His bushy brows knitted together when I did not immediately respond. Instead of saying something I eventually pointed out the window to the harbor beyond. I turned to look at him. A question mark appeared on his reddened forehead. I waited a few seconds, before adding words to my explanation.

“I have a job aboard that expedition ship, M/S World Discoverer, parked out there in the harbor. I don’t report aboard until three,” I said.

Cochon looked at me in obvious disbelief.

“You?” “Cochon” intoned. He then eyed me up and down. “You don’t look like any seaman I ever saw,” he concluded, after a few seconds.

I grinned. I was wearing Polo trousers, a Paul and Shark shirt, and my Dunhill jacket lay atop the bag that still sat near the front door. I didn’t look like any seaman anyone had ever seen in any port of the world. I looked much more like I belonged in the Channel Islands boardroom I had been in only one day earlier.

“I’m the anthropology lecturer for the coming cruise.” I stuck out my right hand. “Doctor Patton, former professor, and Department Head at the University of the Pacific. Late of Oahu, Hawaii.”

Cochon didn’t take my offered hand. He didn’t smile. He made believe my hand wasn’t extended, so I slowly took it back.

“Shit,” he said, instead. “I thought you were one of those goddamned alcoholics who roll in here all the time. They work and move on.
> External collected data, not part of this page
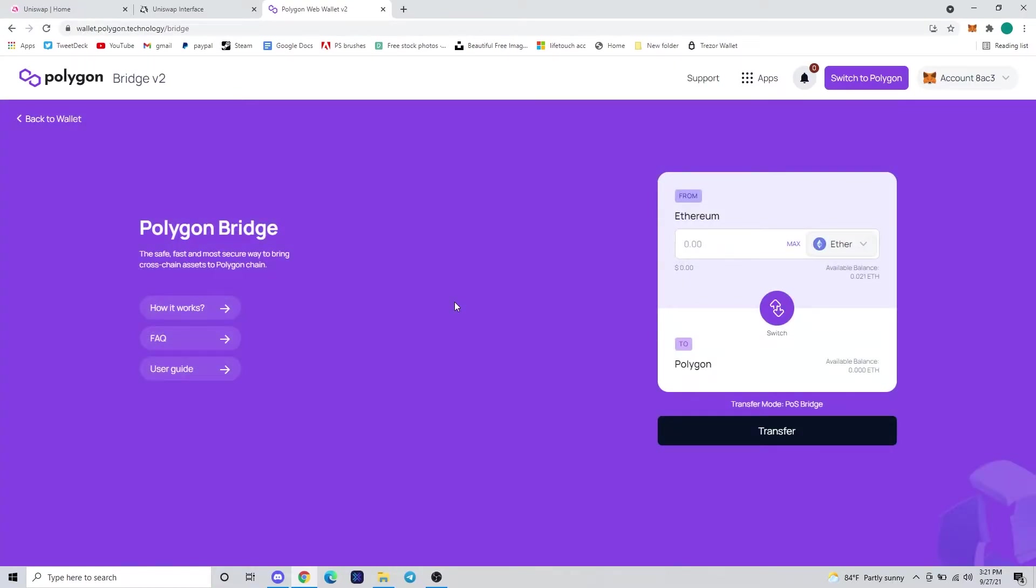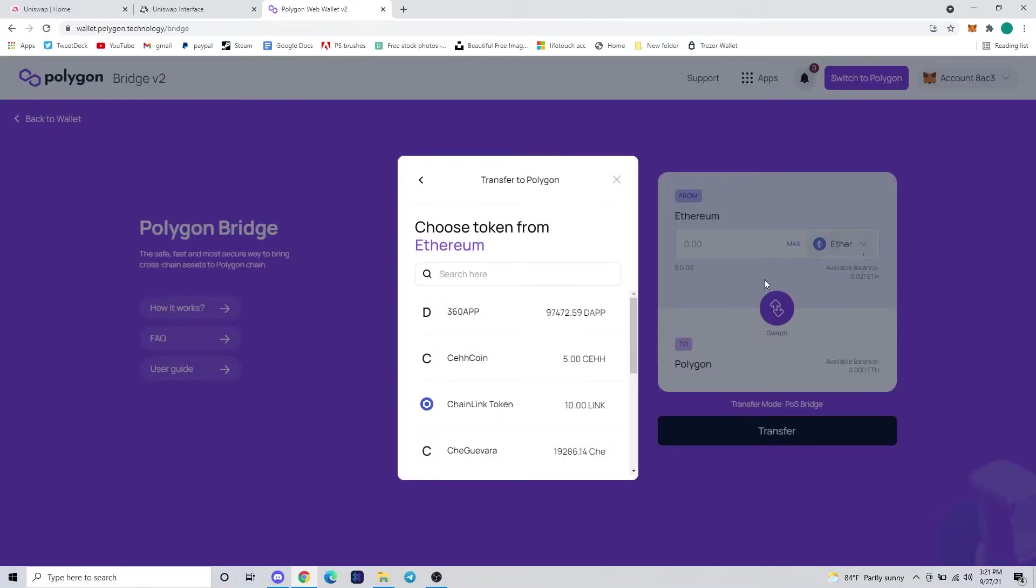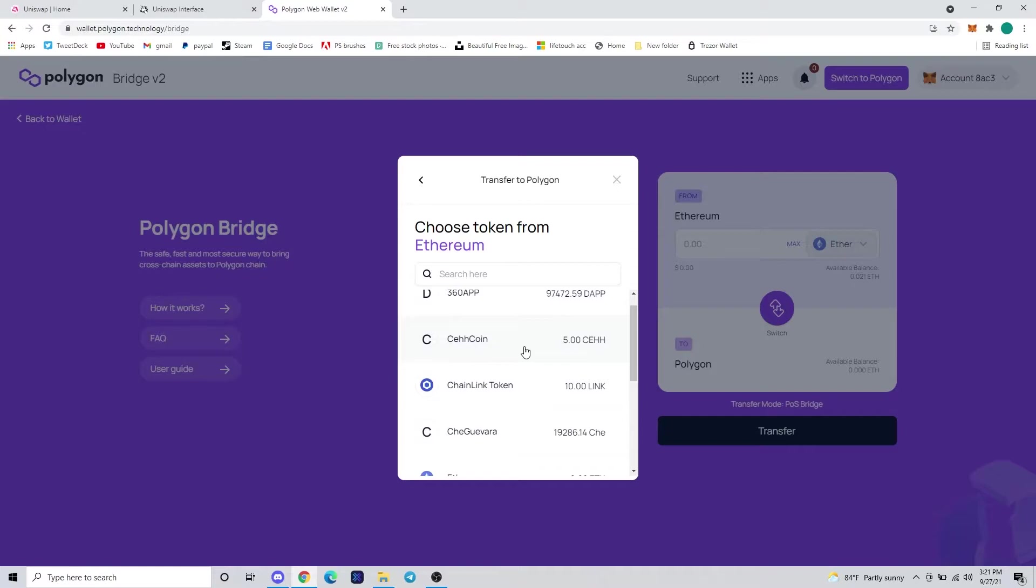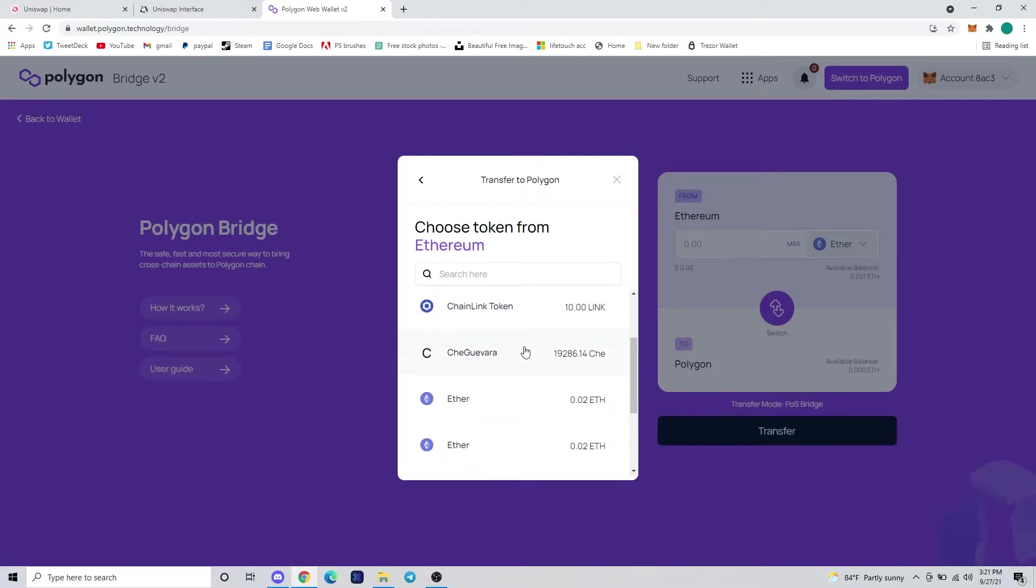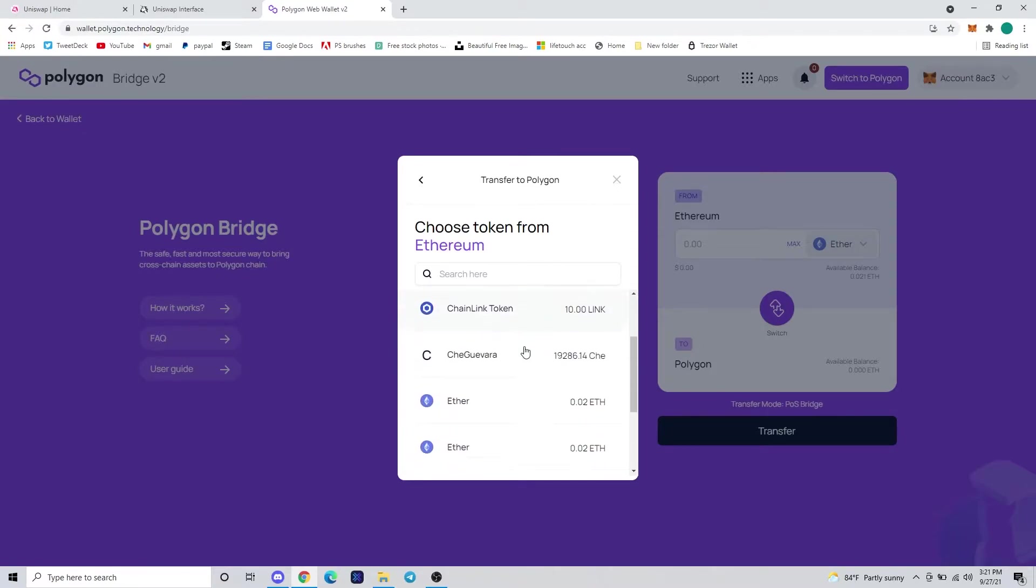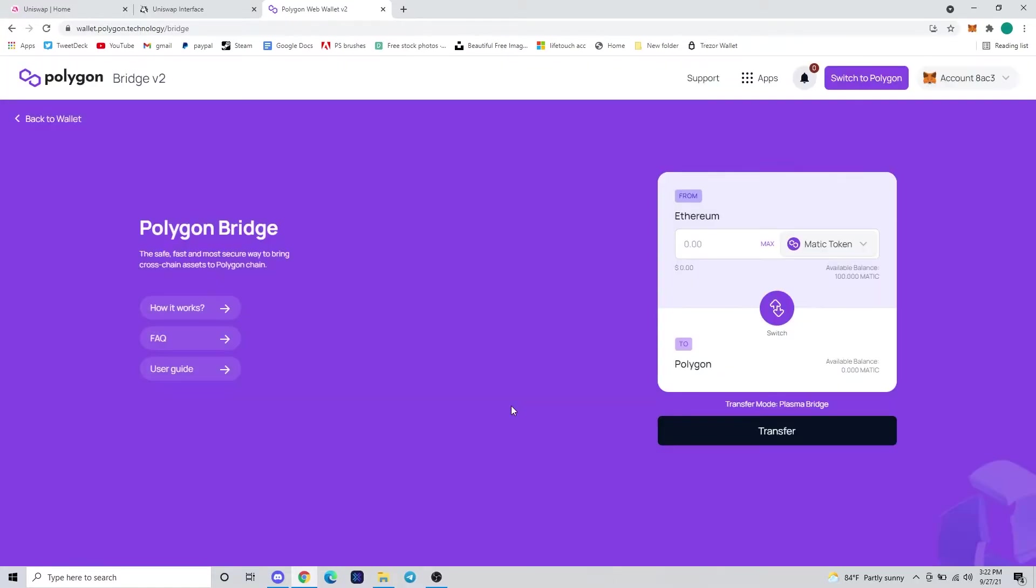It's going to be similar to the Uniswap window from the other day, but we're going to go ahead and click the dropdown because today we're going to be swapping those 100 MATIC tokens we bought in the Uniswap video. These are a list of my ERC-20 tokens that are available to be swapped to Polygon.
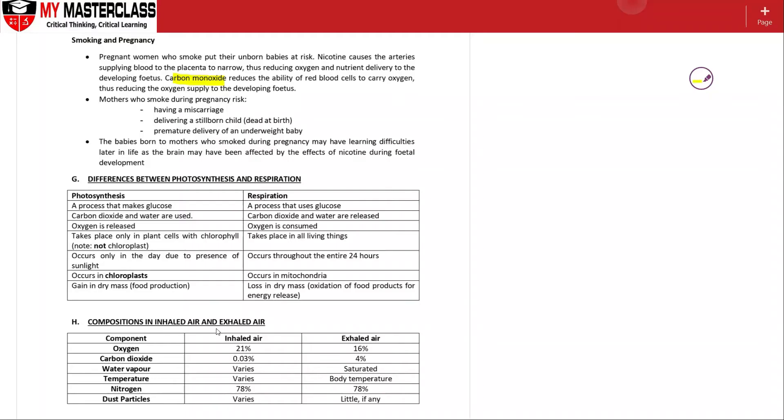So the composition of the inhaled and exhaled air - you may think of course exhaled air will have lower oxygen because it's used for respiration. This is at resting.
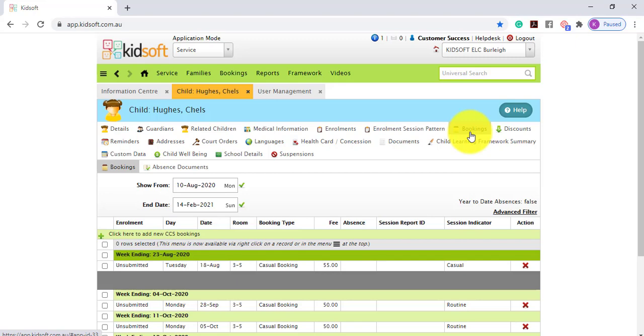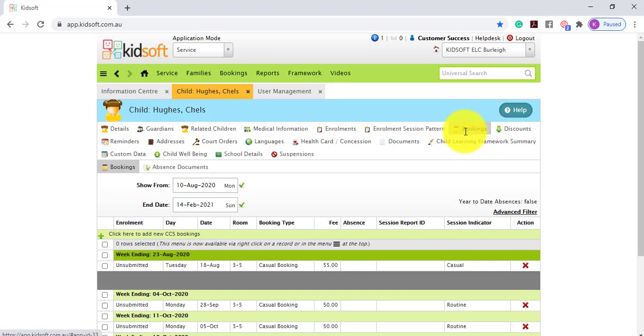To be able to create bookings for a child you need to ensure that you have the user role attribute for bookings for either create, full, or full and ignore settings. If you have full and ignore settings this means it will ignore any of the system settings set for your services database and will allow you to override those settings and create the booking.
I give ‘em booze for the work.” He stared at me intently.

“If you’re some hotshot professor, then why’d you do all that work for me?” he finally asked, one big meaty hand coming up to rub his right temple.

I grinned, not looking at him. I finished the dregs of my coffee. “I’m not sure. To have some coffee, I guess, then later because you told me to.”

I extended my hand a second time. “It’s Jack, to you,” I said, and then waited

This time, gingerly, he accepted my hand and pumped it.

“Besides, the breakfast was great,” I added. I got up and headed for the door to get my bag and my coat. I turned to wave, as I exited. Cochon was standing, motionless, with his Navy coffee bowl in his left hand. He made no move to answer my gesture.

“No, c’mon… who are you really? There’s no way…” I heard him ask, but I was already out the door. I stepped out of the building into the cool air.   My journey towards the jetty where my ship awaited had begun.